In a rapidly developing world centered around technology, I think it is time we, as a hospital, introduce the use of reproductive technology and prenatal testing to our hospital. These technologies not only reflect the incredible strides made in the medical world, but also provide pregnant women and their families with the ability to prepare for their future. As a physician at the Sasquatch Hospital, I believe these technologies are necessary to our hospital, for they will greatly improve the treatment we are able to provide to our patients. Having provided the ethics committee as well as other doctors and hospital administrators with my initial proposal, I have considered all counter arguments and suggestions presented, and applied a few changes to my proposal where I saw fit. That being said, I think it is important to remember that when considering changes in medicine and healthcare as a result of technology, the question of bioethics if confronted with a very difficult dilemma. As mentioned by Dr. Arthur Kleinman, bioethics is faced with the challenge of “how to reconcile the clearly immense differences in the social and personal realities of moral life with the need to apply a universal standard to those fragments,” (Kleinman 1999: 70). With that in mind, I present to you the revised and final outline of my proposal.

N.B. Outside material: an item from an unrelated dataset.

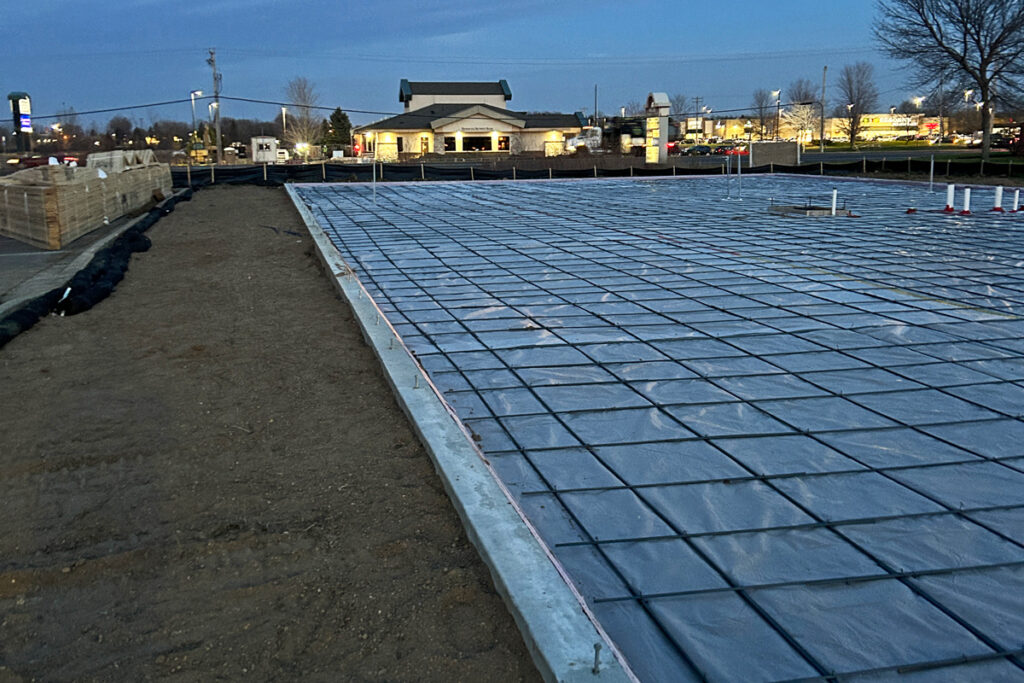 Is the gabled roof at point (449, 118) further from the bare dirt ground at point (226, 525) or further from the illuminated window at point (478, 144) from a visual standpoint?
the bare dirt ground at point (226, 525)

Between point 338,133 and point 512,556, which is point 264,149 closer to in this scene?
point 338,133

With a growing and varied local population, the ultimate goal of our hospital should be to provide the best medical care our diverse population needs. While I understand the importance of our Catholic origins and what they mean to our donor base, I think it is more important to acknowledge the changing culture in our area. I recognize that some of the policies I am going to propose will not be conducive to Catholicism as well as other religions. However, I feel as though we should not limit the medical care and services our hospital can offer due to differing religious and cultural beliefs among our population. As doctors and providers of care, we made a decision to help the lives of others above all else, regardless of whether or not we personally agree with such services.
One of the major policy changes I wish to make would be to provide reproductive technologies, such as in-vitro fertilization, and prenatal testing, such as amniocentesis. Over the past decade, these technologies have grown in popularity and acceptance, but still face some resistance regarding the ethics surrounding the decisions and outcomes of such technologies. Personally, I do not believe in-vitro fertilization nor prenatal testing are unethical. Both technologies exist to facilitate and better comprehend pregnancy and its outcomes. While some may argue that IVF violates the natural laws regarding the appropriate way to conceive a child, I believe “natural laws” are more so a social construct and differ based on the individual and their beliefs. For example, the French bioethics laws initially, “restricted access to artificial reproductive technologies (ART) to sterile, heterosexual couples of childbearing age,” (Ball 2000: 545-546). The French put these restrictions in place out of fear the technological advances would alter cultural norms and defy what they considered “natural.” Although nature served as the source of truth for many Enlightenment philosophers, Rousseau stated, “philosophers of natural law who hold too strictly to the dictates of nature are ‘in habit of abstracting the content of natural law from the behavior of men in civil society. . .’” (Ball 2000: 579). I agree with Rousseau’s statement and believe that what most consider to be natural is subjective and developed from observations of society.
Along with providing IVF treatments, I would suggest implementing a provision to encourage families to allow unused embryos to be donated for life saving research. From a medical standpoint, research done on embryos is somewhat rare and the findings from such research could turn out to be crucial in the future. I understand some families will be unwilling to donate their unused embryos due to personal beliefs, but I think the provision should be included regardless. Our community has changed and progressed dramatically over the years and I think more individuals would be willing to donate unused embryos for research purposes. In order for a patient to make what they believe to be the right decision, it is important for doctors and medical professionals to explain in detail what donating an unused embryo to research entails, conveying both the benefits and consequences of donations. I want to stress that it is unacceptable to make families feel as though they are forced to donate. Pressuring a patient into making a decision that goes against what they believe in is unethical and violates our role as doctors to provide the best possible care and treatment. If the patient chooses not to donate their unused embryo, then we must honor their decision.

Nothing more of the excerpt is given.